Evacuation seemed inevitable; but was it even possible?

The generals responsible for the Helles garrison were General Sir Charles Monro (Middle East Command), General Sir William Birdwood (Dardanelles Army) and Lieutenant General Sir Francis Davies (VIII Corps). They were unanimous in wanting to get their men away. They were aided by the appointment on 23 December of Lieutenant General Sir William Robertson as Chief of the Imperial General Staff. Robertson was a “Westerner”, who believed the key battleground was in France and Flanders and was thus intent on ending what he saw as the wasteful Gallipoli sideshow. He insisted on an immediate government decision to get the men off Helles. On 28 December, his advice was accepted, and he was able to send the telegram which began the final countdown to evacuation. Birdwood set 8 January 1916 as the final day on the Peninsula if – and it was a big if – the weather held.
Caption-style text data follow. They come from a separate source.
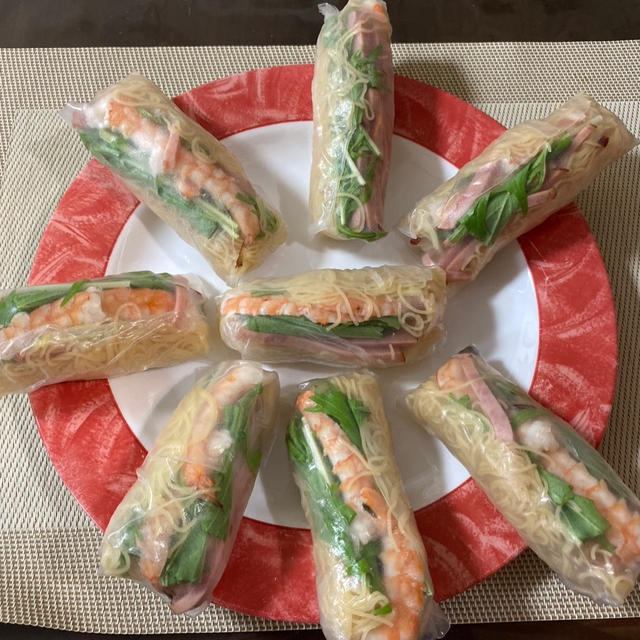 生春巻き♪ 大根とわかめの中華スープ♪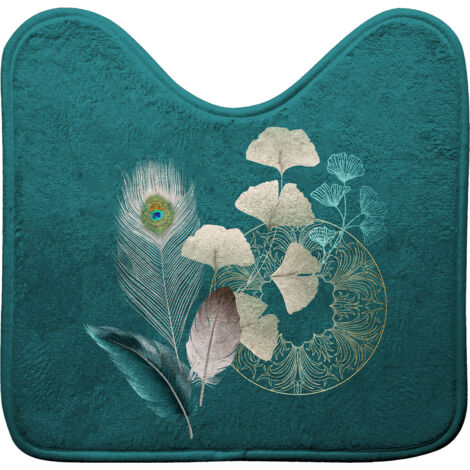 Tapis contour wc 45 x 45 cm microfibre imprimé Ginkoblue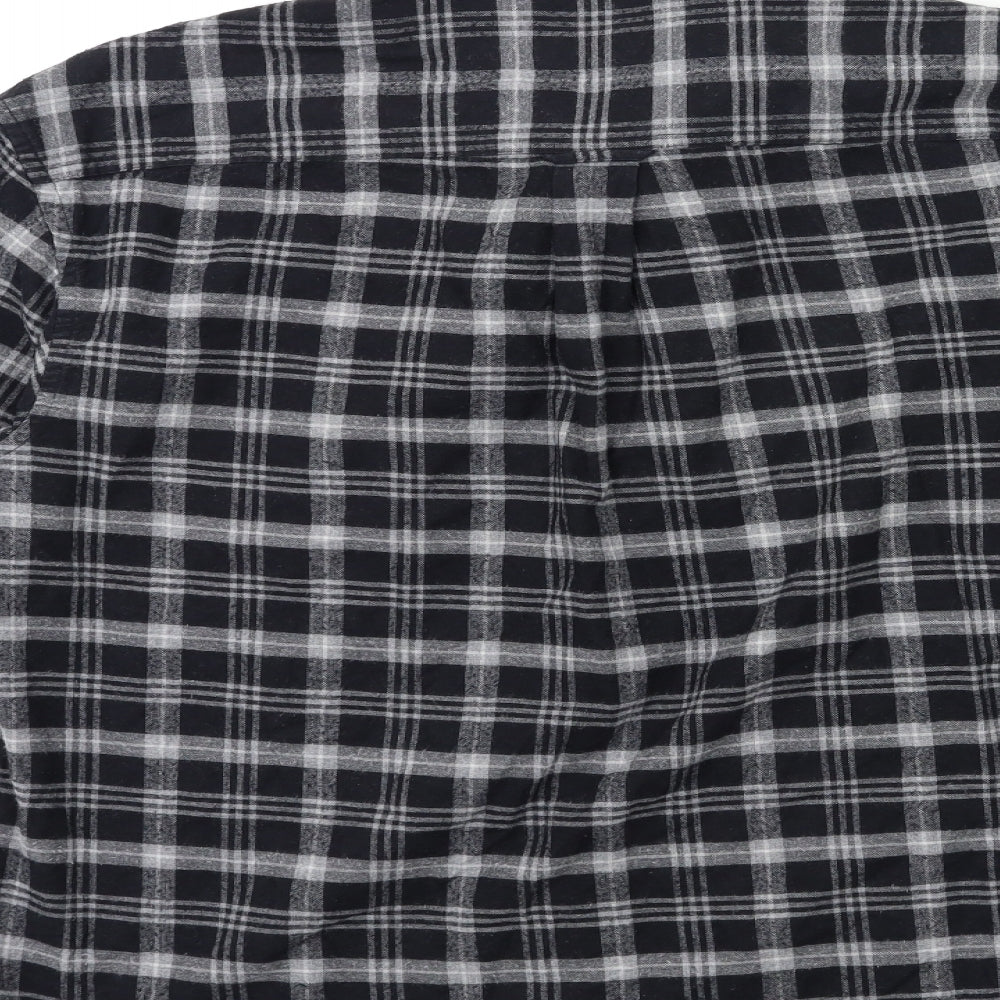 Blue Harbour Mens Black Check   Button-Up Size M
Overall, at Helles, they had the dual problems of the considerable distance to be traversed to reach the beaches – as had happened at Suvla – and at the same time the conundrum of the closeness of the opposing front lines, as at Anzac. After a reshuffle, the Helles garrison consisted of the 13th Division on the left, then the 29th and 52nd Divisions in the centre, and the 63rd Royal Naval Division, the RND, on the right. This account concentrates on the evacuation of the RND, who occupied the former French sector of Kereves Dere.

Ways out

It was evident that they could not fight their way out, but must fool the Turks. Their previous success at Anzac was largely due to Birdwood’s chief of staff, Brigadier General Cyril Brudenell White, who had realised that the biggest threat in the final stages would be the silence that would fall over the front lines as the troops departed. His solution had an elegant simplicity: for his troops, he introduced silent periods during which Turkish activity in no man’s land would be ignored. Then the troops would suddenly open fire, often catching the complacent Turks out in the open, and causing casualties. In modern parlance, the Turks were being conditioned to think that extended periods of complete silence and apparent inactivity were now normal. Silence did not mean no one was there. This cunning plan had paid great dividends during the evacuation of Suvla and Anzac. But could it work again? They had to try, as Corporal Harry Askin of the Portsmouth Battalion, RND, recalled.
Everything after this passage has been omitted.